Interview: Molly Matalon

Self portrait of photographer Molly Matalon

We take pictures of what is around us so that we can better understand our surrounding, and so ourselves. It feels so natural. The camera is the medium that helps us to know better. We wake up every day and every day we do almost the same routine; we look at the same things, we eat the same breakfast while we talk with the same roommate. Our life is a succession of similar actions. But if we start taking pictures of those moments, those objects, those people, then these images would work therapeutically. They would help us to put ourselves in perspective, to position us in a bigger scheme.

Molly takes pictures of her mother and the neighbourhood she grew up in – a canonical gated community in southern Florida. Surely her process includes a certain need to better understand those places and people but it also involves Molly’s fascination with a new idea of feminism and urban landscape. How much does where we live affect who we are a person? How much does our behaviour and our aspiration is influenced by the houses we live in or the people we hang out with? These are just some of the questions that we would ask ourselves in front of Molly’s stunning images of her mom.

These images are photographs of a woman, talking about being a woman and taken by another woman – which in this case is also the daughter of the subject. This generational layering and multifaceted point of view is about a new way of feminism that seems to be more often present in other young photographers. There is an urge of defining gender positions and talking about what it means being a woman in today’s world. And to do so, it seems natural to look back at other generations of women and create a dialogue with them about such important issues.

Looking at Molly’s work is refreshing.

Portrait taken by photographer Molly Matalon

In your photographs, everything – and everyone – is in the right place. The composition of most of your images echoes the claustrophobic and strict order that rules suburban architecture and life; nothing is left to chaos. How much is control part of your practice and your work? Are your images staged? And how much time do you put into the preparation of your sets?

Totally, control plays into probably 95% of my practice and work. I’m still at a place where I’m trying to pin-point exactly what it means when someone asks if an image is staged. Everything in the frame has been decided by me and in my head that’s staged enough. Finding situations that seem perfect with a hint of suspicion. Looking for something you’ve seen all the time every day, like the back of your house.

When did you start taking pictures of your mother and why?

I started taking pictures of my mom (seriously) in my sophomore year of college. I was making pictures of my friends and their parents and my family at home in Florida when I would go visit during breaks but I was avoiding my mom until some teachers told me I should explore why it was that I was not photographing her.

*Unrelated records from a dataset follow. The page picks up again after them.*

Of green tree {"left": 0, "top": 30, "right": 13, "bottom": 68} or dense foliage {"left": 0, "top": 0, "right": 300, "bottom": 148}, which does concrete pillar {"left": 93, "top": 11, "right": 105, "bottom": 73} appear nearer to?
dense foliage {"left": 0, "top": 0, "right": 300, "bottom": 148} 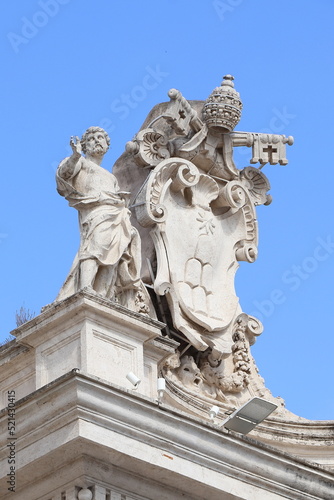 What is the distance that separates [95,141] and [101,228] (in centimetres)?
124

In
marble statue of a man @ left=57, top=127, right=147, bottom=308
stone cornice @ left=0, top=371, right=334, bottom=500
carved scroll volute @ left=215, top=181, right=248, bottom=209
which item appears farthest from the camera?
carved scroll volute @ left=215, top=181, right=248, bottom=209

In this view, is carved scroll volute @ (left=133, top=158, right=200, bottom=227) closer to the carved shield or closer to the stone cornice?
the carved shield

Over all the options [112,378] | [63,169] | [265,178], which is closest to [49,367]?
[112,378]

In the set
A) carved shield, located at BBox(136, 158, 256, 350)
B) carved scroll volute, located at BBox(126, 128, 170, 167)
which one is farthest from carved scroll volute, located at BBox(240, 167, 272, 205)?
carved scroll volute, located at BBox(126, 128, 170, 167)

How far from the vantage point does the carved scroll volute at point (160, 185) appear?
2288 centimetres

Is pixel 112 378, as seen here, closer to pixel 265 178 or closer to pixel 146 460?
pixel 146 460

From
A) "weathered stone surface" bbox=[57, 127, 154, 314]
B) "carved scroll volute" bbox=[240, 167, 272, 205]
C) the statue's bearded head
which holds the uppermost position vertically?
"carved scroll volute" bbox=[240, 167, 272, 205]

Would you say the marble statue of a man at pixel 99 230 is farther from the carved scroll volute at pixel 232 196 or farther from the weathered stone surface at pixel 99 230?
the carved scroll volute at pixel 232 196

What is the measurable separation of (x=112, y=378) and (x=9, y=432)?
1196 mm

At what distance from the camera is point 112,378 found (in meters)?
19.6

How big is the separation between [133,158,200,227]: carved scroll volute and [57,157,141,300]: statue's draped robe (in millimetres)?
1327

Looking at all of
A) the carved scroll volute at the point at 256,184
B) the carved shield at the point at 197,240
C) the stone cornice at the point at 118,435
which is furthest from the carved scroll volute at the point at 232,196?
the stone cornice at the point at 118,435

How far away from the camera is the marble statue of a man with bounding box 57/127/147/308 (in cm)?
2064

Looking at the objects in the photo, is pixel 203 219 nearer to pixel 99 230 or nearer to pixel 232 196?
pixel 232 196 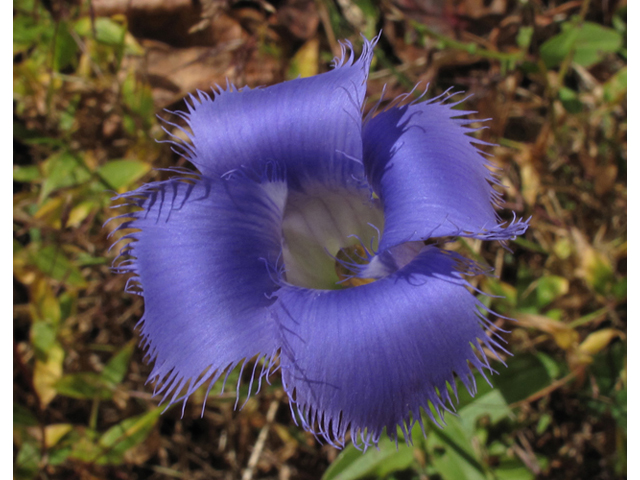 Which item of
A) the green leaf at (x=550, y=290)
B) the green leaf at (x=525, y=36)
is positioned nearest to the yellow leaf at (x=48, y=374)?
the green leaf at (x=550, y=290)

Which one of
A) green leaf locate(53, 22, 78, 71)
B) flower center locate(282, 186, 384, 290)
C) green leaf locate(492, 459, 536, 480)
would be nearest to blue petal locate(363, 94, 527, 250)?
flower center locate(282, 186, 384, 290)

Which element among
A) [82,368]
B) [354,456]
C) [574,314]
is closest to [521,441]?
[574,314]

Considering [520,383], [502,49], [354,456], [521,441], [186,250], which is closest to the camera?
[186,250]

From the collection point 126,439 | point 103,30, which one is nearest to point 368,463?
point 126,439

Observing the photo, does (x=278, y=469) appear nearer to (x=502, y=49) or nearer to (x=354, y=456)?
(x=354, y=456)

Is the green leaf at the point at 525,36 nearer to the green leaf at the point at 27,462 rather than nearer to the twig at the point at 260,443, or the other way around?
the twig at the point at 260,443

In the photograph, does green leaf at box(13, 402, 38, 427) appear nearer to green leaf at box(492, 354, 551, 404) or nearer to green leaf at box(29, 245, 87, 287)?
green leaf at box(29, 245, 87, 287) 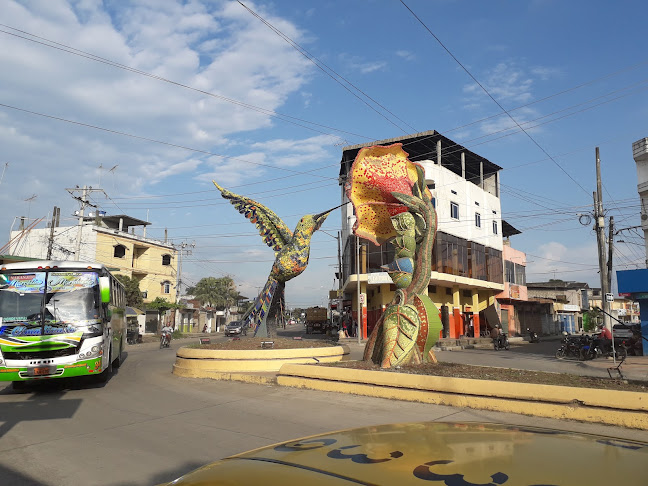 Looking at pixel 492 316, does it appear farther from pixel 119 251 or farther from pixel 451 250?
pixel 119 251

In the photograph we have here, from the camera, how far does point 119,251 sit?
46.0 m

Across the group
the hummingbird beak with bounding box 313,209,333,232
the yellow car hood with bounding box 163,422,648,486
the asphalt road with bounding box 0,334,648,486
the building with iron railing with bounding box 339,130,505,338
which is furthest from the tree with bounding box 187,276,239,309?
the yellow car hood with bounding box 163,422,648,486

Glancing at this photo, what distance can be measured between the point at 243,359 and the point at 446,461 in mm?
11769

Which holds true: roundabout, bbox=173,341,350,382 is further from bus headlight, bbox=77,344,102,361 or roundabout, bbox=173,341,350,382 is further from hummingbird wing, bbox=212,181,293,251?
hummingbird wing, bbox=212,181,293,251

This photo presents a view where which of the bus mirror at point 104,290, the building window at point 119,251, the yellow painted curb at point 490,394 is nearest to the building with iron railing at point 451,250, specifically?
the yellow painted curb at point 490,394

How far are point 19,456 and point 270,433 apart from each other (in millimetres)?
3162

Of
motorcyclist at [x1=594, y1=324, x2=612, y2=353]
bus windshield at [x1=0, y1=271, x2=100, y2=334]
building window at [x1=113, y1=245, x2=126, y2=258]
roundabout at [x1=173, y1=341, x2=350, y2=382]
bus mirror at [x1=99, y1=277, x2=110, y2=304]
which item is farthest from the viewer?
building window at [x1=113, y1=245, x2=126, y2=258]

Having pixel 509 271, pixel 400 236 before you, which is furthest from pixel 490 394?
pixel 509 271

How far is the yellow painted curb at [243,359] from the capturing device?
42.3 feet

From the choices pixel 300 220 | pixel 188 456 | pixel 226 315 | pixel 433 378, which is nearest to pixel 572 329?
pixel 226 315

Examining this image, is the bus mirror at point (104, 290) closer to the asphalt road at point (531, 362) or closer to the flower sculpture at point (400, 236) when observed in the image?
the flower sculpture at point (400, 236)

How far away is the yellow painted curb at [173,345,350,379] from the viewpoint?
12.9m

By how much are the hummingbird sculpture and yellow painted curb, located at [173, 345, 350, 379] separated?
3.49 meters

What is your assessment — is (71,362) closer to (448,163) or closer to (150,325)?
(448,163)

Your Mom series deals not only with the mother/daughter relationship  but also with the role of women in general – or rather, with the American idea of women, femininity and beauty. If, on one hand, we can feel and be witnesses of the sweet, intimate and personal relationship between the two of you, on the other hand we immediately recognise her as a symbol of a Western idea of beauty that is based on facial-lifting surgery and over-saturated make-up. What do you think about this? Are you trying to critique how women are treated and represented in our society? And, by the way, what does feminine mean to you and who do you think would stand as a contemporary model of feminism?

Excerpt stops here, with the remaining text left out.